- Born: 1939 County Roscommon, Ireland
- Died: 2003 (aged 63–64)
- Occupations: Scholar, journal editor
- Board member of: Société Française d'Études Irlandaises (President)

Academic background
- Education: NUI Galway (BA) Sorbonne (English degree)
- Alma mater: University of Paris

Academic work
- Discipline: Irish studies
- Sub-discipline: Irish politics and society
- Institutions: Sorbonne Nouvelle University Paris 3 University of Caen Normandy
- Main interests: French-Irish relations, political history
- Notable works: L’Irlande politique et sociale (founder)

= Paul Brennan (academic) =

Irish academic

Paul Brennan (1939–2003) was an Irish scholar and journal founder and editor.

==Life==
Paul Brennan was born in County Roscommon in Ireland in 1939 and died in 2003.

After earning a BA in History from NUI Galway, Brennan left Ireland for France in 1963 and read for an English degree at the Sorbonne. He lived in Paris, meeting his wife Nicole in 1965. In May 1968, they both took part in the student protests in Paris. In 1969 was appointed as a lecturer in the English department at the Sorbonne, later dividing his time between the departments of Irish Studies at Caen University in Normandy, which he headed, and at the Paris III campus of the Sorbonne Nouvelle university.

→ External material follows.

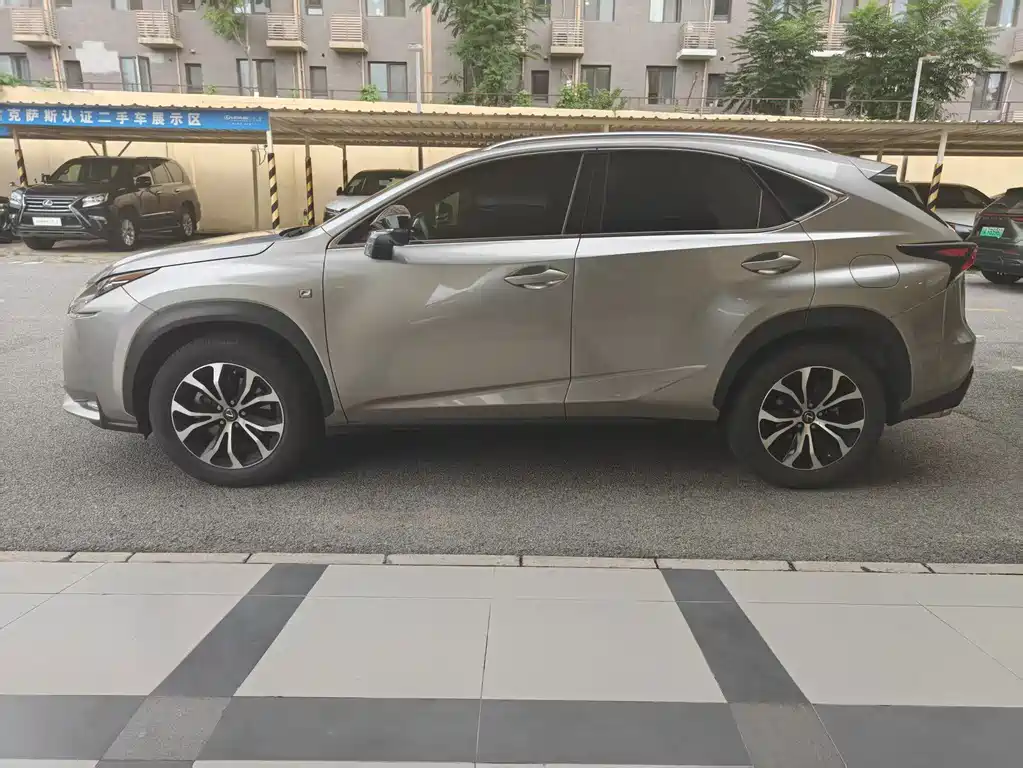 Lexus NX — миниатюра 3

He created a journal called L’Irlande politique et sociale and for years was co-editor of Etudes irlandaises. He was the long-term vice-president of the CAPES, the competitive recruiting exam for French secondary-school teachers, and President of the SOFEIR (Société Française d’Etudes Irlandaises) for six years.

In 1988 Brennan made an extended appearance on the Channel 4 discussion programme After Dark alongside, among others, Roy Bradford, Henry Kelly, DeLores Tucker, Eamonn McCann and Glenn Barr. In 2021 this programme received a cinema screening during the Docs Ireland documentary festival in Belfast.